EDIT: tried to clarify that I wasn't trying to insult the author. Not my intent, but it seemed to come off that way. It still does, but less so, and I prefer not to edit my old content too much. Also, I just checked out pinboard. Pinboard is amazing, and I am impressed.
Basically, don't take this as anything more than a tangential, incoherent ramble started by an analogy the author used which I found unrepresentative. Because that's what it is.
(Replying to PARENT post)
(Replying to PARENT post)
I wonder if the author truly understands "Machine Learning", what are his qualifications? A degree in Art History, and some "programming experience" aren't very assuring. E.g.
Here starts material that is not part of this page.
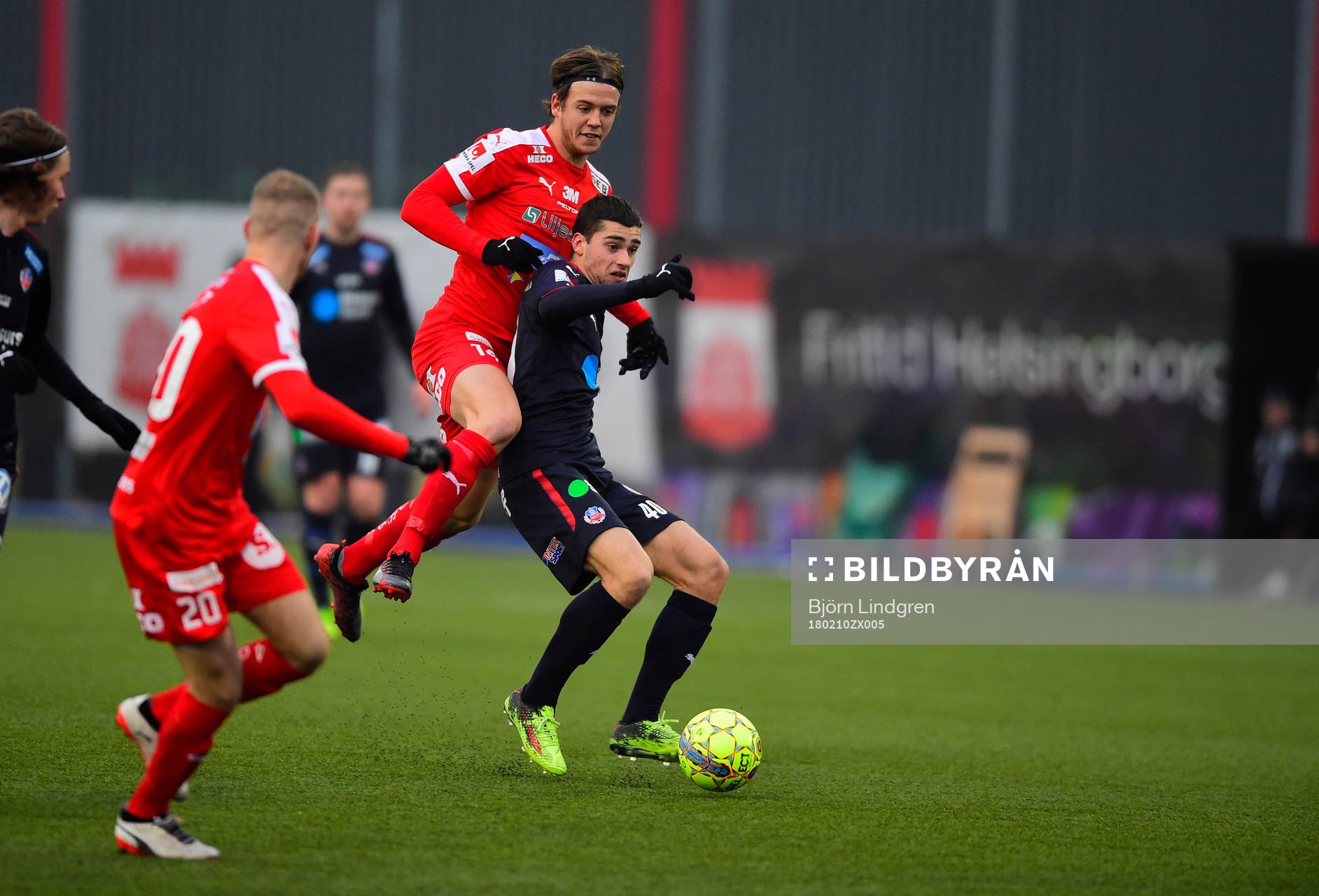 Värnamos Alexander Achinioti-Jönsson mot Helsingborgs Mattias Almeida under träningsmatchen i fotboll mellan Helsingborg och Värnamo den 10 februari 2018 i Helsingborg.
>> "The names keep changing—it used to be unsupervised learning, now it’s called big data or deep learning or AI"
WTF?? The author should enroll in a beginner Machine Learning course on Udacity or Coursera before making philosophical statements about fields he has zero clue about.
It seems the only skill the author has is piecing together meaningless arguments that appeals to average HN users incapable of distinguishing between informed opinions and pseudo-scientific rants. Hell at least bad graduate students have to give examinations, read papers and make original contributions that get peer reviewed (otherwise they fail/get-kicked-out/drop-out). Not like this guy who does not understands difference between "supervised" and "unsupervised" machine learning, yet feels comfortable in making "prophetic" statements about machine learning.
Also
>>> "These techniques are effective, but the fact that the same generic approach works across a wide range of domains should make you suspicious about how much insight it's adding."
What does he means by "same generic approach". If we assume he is implying specific algorithms then we have a good "No free lunch" theorem that shows that a single algorithm is not effective across all domains. Now if by "generic approach" the author mean "machine learning" in general then its as ridiculous as saying
"Mathematics is effective, but the fact that the same Mathematical approach works across a wide range of domains should make you suspicious about how much insight it's adding."
The entire article is filled with "truthiness" and "feel-good" statements, which fall apart on closer examination.
(Replying to PARENT post)
I agree completely. This is something we should be cognizant of.